> **Assignment**
After locating the line containing "Carte Postale Casquette" in the entries below, please write out that line and the rest through the end exactly. Omit pictures.

Brief descriptive captions:
::::
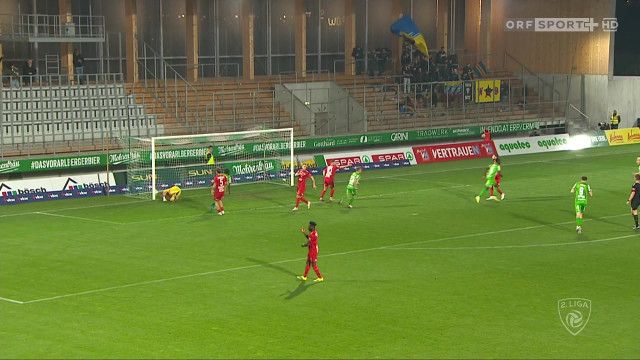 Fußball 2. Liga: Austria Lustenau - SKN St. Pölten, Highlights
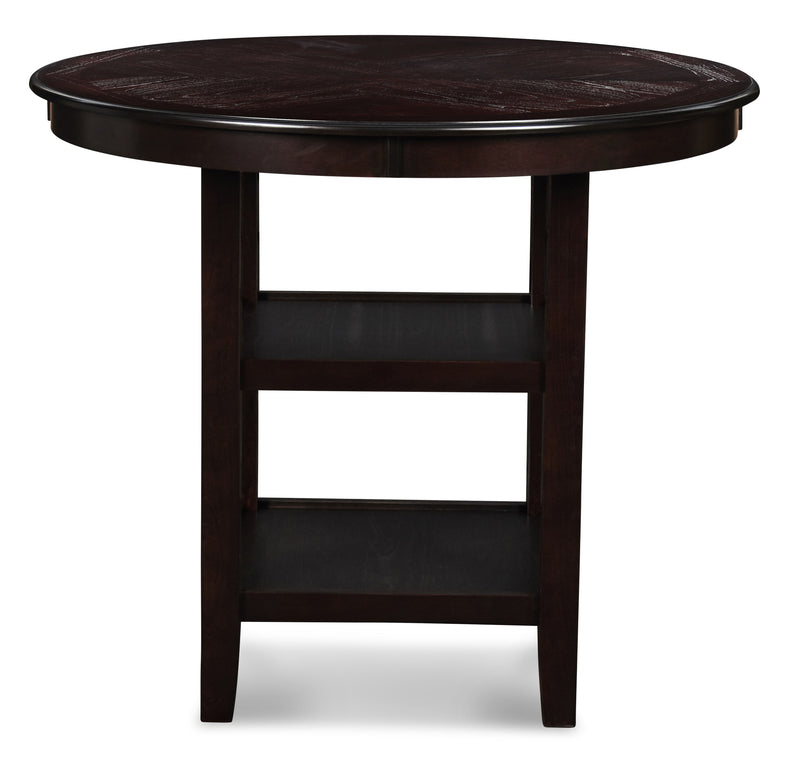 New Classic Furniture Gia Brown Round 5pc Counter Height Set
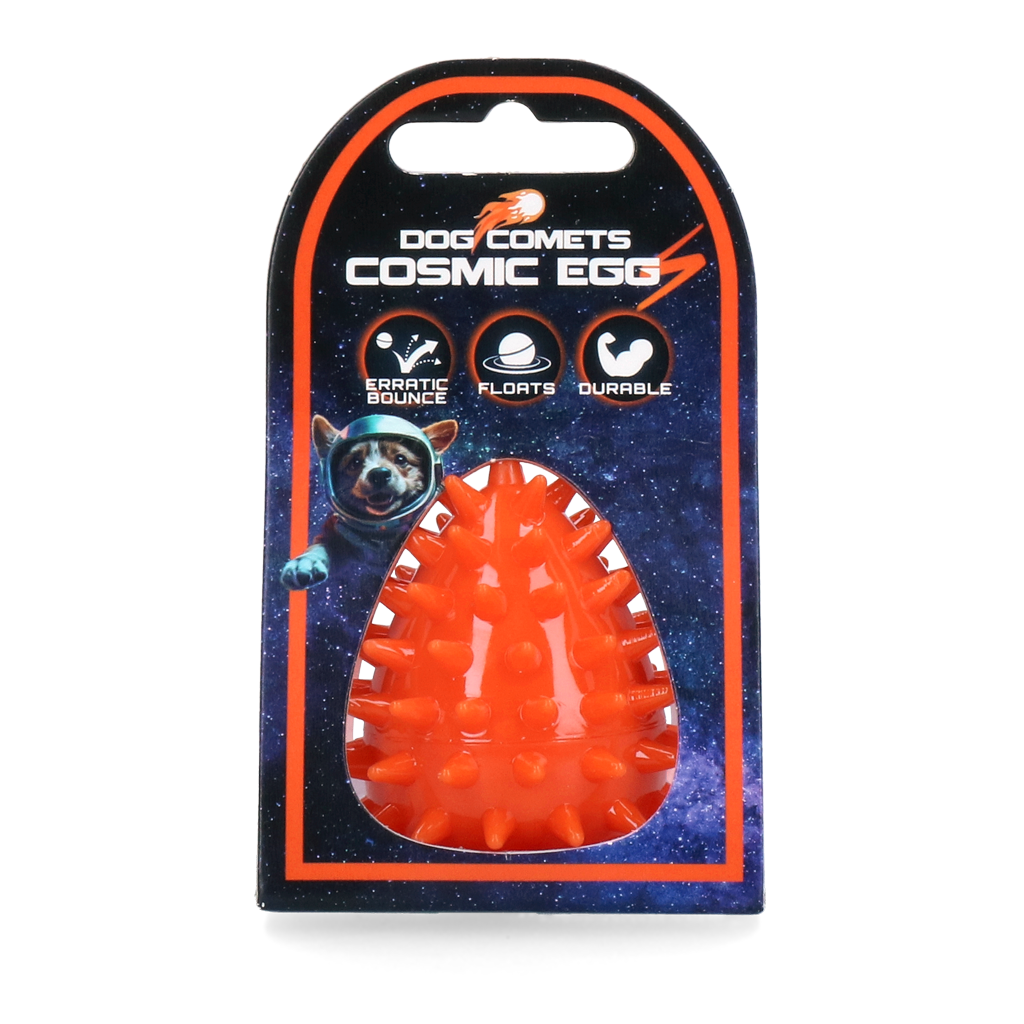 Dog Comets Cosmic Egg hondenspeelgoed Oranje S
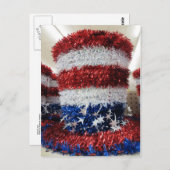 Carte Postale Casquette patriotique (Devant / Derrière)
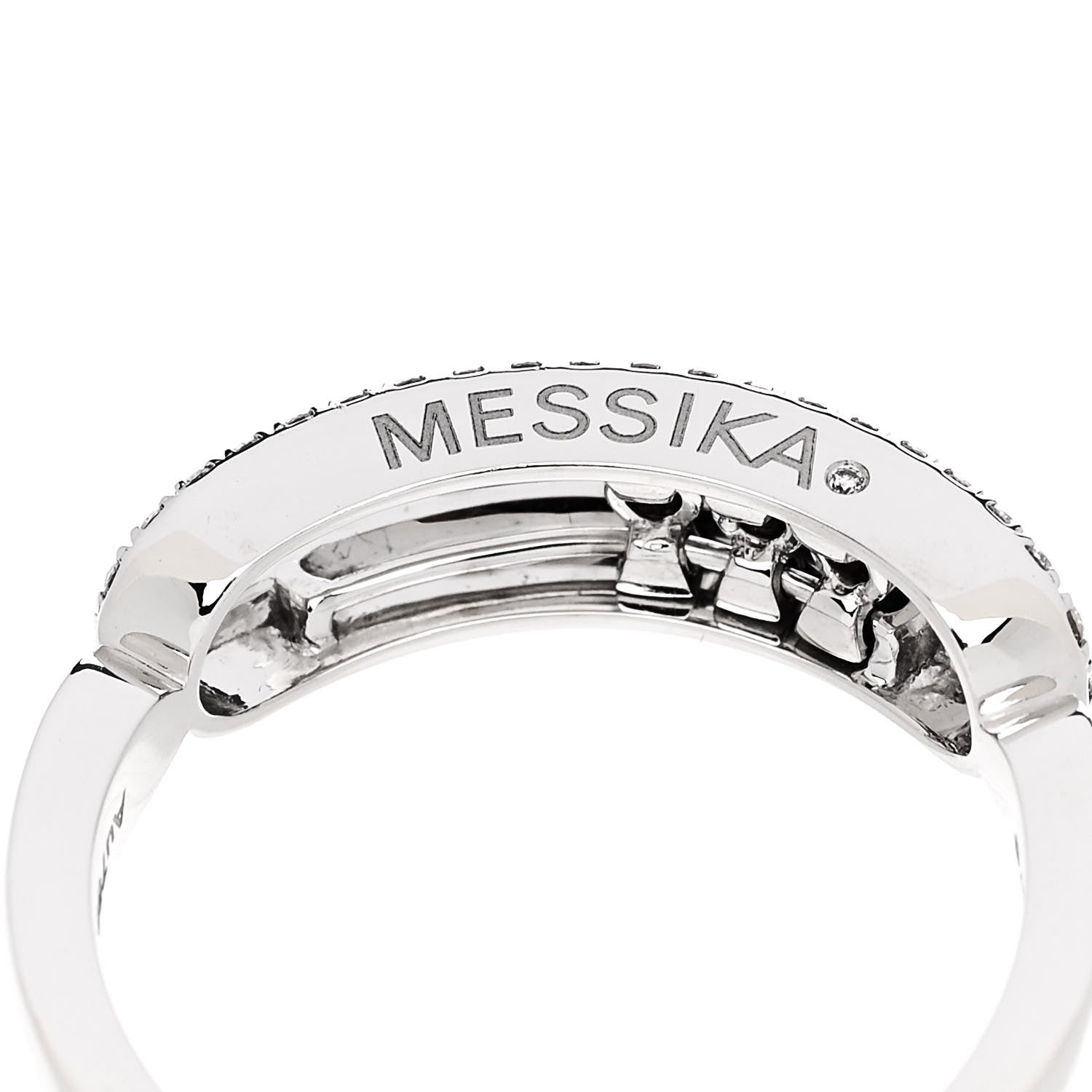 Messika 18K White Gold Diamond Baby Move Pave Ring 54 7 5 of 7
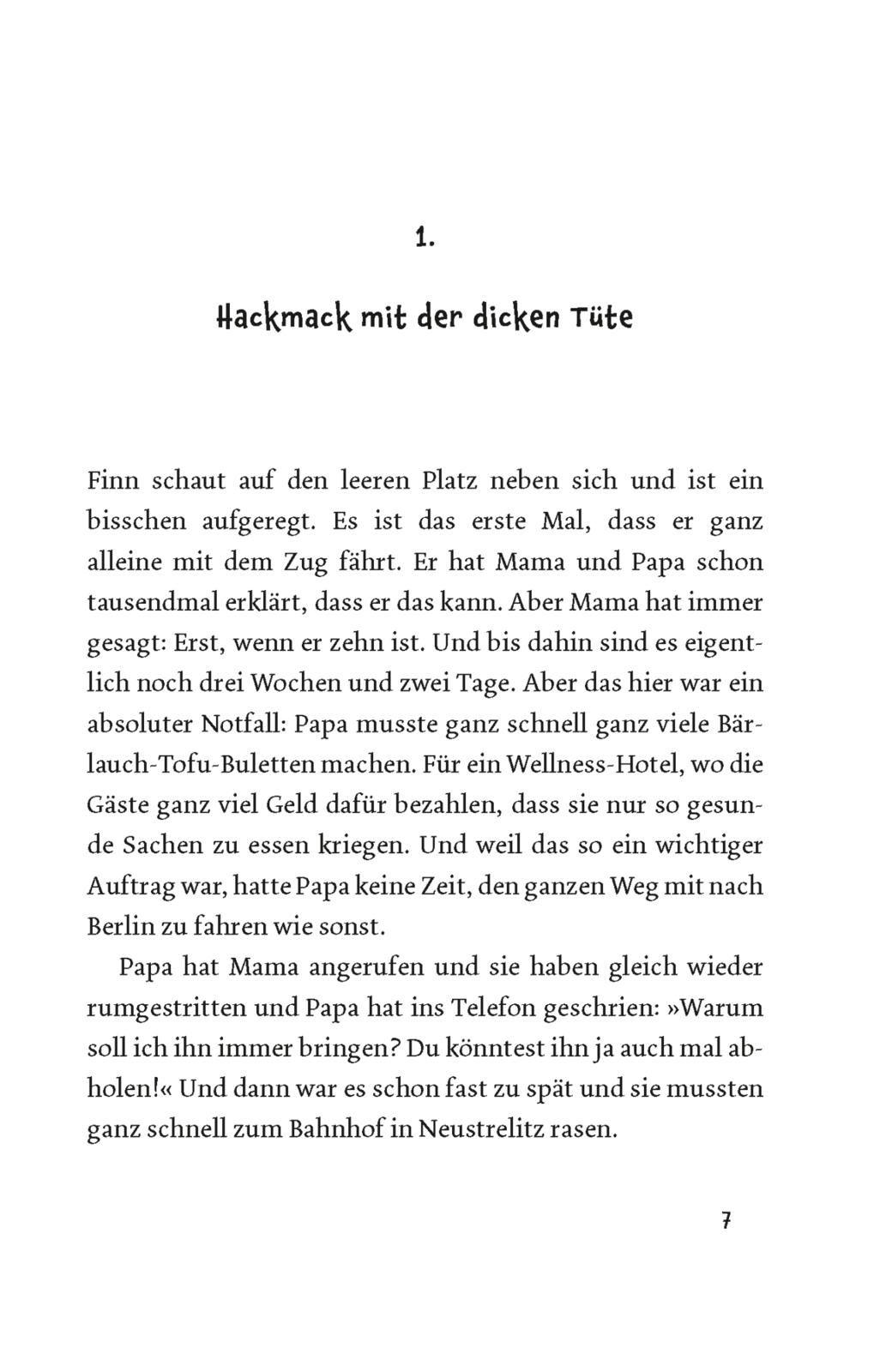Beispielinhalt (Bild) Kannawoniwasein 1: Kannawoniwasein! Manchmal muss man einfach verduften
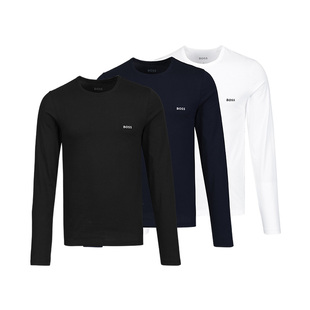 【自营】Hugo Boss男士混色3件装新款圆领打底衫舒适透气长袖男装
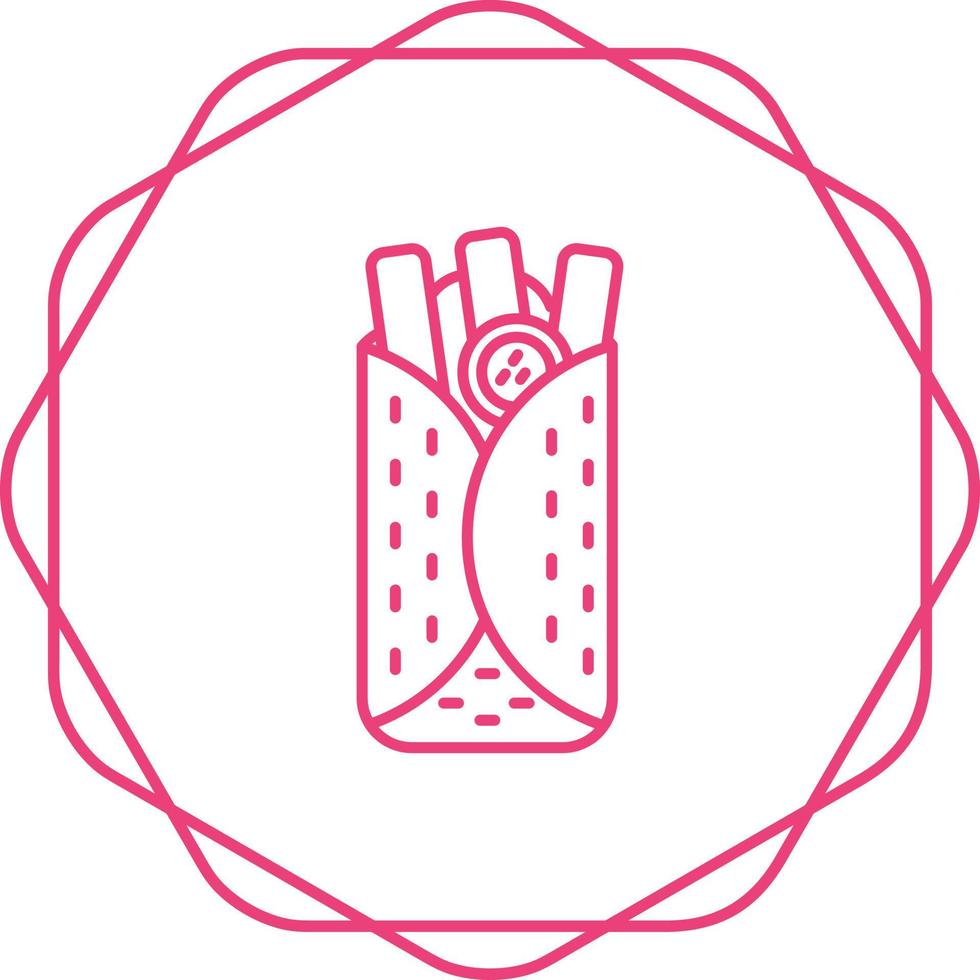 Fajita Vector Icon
::::
> **Your solution**
 Carte Postale Casquette patriotique (Devant / Derrière)
 Messika 18K White Gold Diamond Baby Move Pave Ring 54 7 5 of 7
Beispielinhalt (Bild) Kannawoniwasein 1: Kannawoniwasein! Manchmal muss man einfach verduften
 【自营】Hugo Boss男士混色3件装新款圆领打底衫舒适透气长袖男装
 Fajita Vector Icon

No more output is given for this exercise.